## Work task:
Could you return the lines below exactly, from the first line up to and including the line that holds "I love Beatboxing"?

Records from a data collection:

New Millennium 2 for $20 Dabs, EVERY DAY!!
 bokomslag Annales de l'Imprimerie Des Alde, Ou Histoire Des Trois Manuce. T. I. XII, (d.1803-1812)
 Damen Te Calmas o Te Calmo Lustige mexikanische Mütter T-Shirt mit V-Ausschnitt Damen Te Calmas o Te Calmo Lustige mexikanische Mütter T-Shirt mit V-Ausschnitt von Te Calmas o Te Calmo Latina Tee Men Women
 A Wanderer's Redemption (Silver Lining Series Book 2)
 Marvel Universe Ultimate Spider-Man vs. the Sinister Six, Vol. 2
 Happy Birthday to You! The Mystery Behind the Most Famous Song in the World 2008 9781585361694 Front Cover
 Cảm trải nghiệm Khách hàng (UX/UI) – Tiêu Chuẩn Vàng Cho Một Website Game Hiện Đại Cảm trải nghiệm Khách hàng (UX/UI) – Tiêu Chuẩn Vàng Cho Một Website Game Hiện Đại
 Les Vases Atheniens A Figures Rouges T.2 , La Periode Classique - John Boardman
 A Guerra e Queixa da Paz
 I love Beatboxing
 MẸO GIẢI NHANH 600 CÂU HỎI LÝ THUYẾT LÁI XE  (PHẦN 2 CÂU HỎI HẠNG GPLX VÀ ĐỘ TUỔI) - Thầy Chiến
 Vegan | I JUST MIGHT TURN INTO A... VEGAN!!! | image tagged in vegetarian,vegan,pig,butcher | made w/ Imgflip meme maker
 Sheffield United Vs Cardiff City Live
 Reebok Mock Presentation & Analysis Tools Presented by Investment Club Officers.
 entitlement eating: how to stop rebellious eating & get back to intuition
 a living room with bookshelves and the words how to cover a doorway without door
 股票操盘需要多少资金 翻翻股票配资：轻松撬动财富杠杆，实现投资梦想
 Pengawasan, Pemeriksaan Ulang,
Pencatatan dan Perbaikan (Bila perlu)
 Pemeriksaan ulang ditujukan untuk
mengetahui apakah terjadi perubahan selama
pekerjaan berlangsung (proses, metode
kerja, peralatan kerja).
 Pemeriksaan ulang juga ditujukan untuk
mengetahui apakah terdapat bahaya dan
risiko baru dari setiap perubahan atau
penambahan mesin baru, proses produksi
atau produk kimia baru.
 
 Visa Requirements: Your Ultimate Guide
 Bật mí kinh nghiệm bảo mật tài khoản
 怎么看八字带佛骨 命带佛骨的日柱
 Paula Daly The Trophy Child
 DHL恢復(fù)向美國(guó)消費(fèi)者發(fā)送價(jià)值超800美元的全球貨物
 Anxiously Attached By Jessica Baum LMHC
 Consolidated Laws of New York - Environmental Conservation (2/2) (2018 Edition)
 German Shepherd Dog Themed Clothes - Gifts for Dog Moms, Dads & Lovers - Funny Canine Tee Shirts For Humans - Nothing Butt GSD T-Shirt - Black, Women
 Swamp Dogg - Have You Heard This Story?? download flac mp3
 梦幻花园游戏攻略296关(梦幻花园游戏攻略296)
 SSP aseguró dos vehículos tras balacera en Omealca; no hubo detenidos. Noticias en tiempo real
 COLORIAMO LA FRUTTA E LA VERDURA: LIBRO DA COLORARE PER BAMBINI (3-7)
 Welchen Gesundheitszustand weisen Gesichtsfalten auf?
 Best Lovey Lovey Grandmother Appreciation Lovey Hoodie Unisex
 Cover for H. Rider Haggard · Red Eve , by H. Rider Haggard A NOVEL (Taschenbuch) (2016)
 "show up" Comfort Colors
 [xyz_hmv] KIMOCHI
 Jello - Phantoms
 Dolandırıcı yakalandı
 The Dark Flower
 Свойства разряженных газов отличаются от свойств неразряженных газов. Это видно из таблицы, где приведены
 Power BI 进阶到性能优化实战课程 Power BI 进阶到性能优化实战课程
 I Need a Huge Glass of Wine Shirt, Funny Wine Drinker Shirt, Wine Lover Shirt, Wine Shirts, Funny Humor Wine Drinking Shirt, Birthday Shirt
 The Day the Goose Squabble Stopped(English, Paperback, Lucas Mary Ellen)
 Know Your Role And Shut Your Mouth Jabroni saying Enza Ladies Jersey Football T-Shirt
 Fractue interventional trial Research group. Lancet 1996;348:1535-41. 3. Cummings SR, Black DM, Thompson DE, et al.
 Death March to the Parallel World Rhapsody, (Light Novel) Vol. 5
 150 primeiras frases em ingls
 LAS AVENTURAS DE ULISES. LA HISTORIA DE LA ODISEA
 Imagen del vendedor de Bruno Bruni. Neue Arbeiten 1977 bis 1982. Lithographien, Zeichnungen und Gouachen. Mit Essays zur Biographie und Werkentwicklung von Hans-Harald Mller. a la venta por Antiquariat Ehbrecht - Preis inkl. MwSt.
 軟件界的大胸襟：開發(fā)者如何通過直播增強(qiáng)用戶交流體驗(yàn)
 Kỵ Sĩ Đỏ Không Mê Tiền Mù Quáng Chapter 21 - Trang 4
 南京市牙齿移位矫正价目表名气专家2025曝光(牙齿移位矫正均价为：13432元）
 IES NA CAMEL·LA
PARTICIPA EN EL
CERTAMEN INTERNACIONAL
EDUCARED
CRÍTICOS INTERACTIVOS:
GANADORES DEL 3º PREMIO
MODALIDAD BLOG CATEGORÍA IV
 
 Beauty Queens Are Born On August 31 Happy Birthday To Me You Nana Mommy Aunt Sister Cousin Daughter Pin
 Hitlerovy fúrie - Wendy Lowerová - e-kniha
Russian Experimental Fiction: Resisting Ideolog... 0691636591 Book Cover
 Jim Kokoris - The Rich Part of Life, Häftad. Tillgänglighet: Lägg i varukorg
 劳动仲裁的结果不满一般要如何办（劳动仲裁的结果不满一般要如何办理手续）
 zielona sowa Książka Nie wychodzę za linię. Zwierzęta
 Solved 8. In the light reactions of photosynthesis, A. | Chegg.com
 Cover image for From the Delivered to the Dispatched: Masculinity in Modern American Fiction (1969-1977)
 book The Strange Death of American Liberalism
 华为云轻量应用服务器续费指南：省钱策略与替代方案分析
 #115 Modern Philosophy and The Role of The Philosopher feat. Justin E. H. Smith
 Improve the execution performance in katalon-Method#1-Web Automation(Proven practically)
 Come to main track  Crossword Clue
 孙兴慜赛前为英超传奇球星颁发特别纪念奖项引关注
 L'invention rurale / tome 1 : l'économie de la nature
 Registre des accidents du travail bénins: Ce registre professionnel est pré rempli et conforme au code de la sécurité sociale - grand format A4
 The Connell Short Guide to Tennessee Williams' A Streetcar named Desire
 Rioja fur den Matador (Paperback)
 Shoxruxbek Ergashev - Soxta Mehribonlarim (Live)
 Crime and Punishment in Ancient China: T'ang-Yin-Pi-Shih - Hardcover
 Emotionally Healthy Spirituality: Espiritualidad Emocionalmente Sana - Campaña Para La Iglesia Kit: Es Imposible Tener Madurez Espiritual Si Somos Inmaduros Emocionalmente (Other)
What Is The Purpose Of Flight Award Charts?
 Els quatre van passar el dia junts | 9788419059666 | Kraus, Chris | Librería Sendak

## Exercise answer:
New Millennium 2 for $20 Dabs, EVERY DAY!!
 bokomslag Annales de l'Imprimerie Des Alde, Ou Histoire Des Trois Manuce. T. I. XII, (d.1803-1812)
 Damen Te Calmas o Te Calmo Lustige mexikanische Mütter T-Shirt mit V-Ausschnitt Damen Te Calmas o Te Calmo Lustige mexikanische Mütter T-Shirt mit V-Ausschnitt von Te Calmas o Te Calmo Latina Tee Men Women
 A Wanderer's Redemption (Silver Lining Series Book 2)
 Marvel Universe Ultimate Spider-Man vs. the Sinister Six, Vol. 2
 Happy Birthday to You! The Mystery Behind the Most Famous Song in the World 2008 9781585361694 Front Cover
 Cảm trải nghiệm Khách hàng (UX/UI) – Tiêu Chuẩn Vàng Cho Một Website Game Hiện Đại Cảm trải nghiệm Khách hàng (UX/UI) – Tiêu Chuẩn Vàng Cho Một Website Game Hiện Đại
 Les Vases Atheniens A Figures Rouges T.2 , La Periode Classique - John Boardman
 A Guerra e Queixa da Paz
 I love Beatboxing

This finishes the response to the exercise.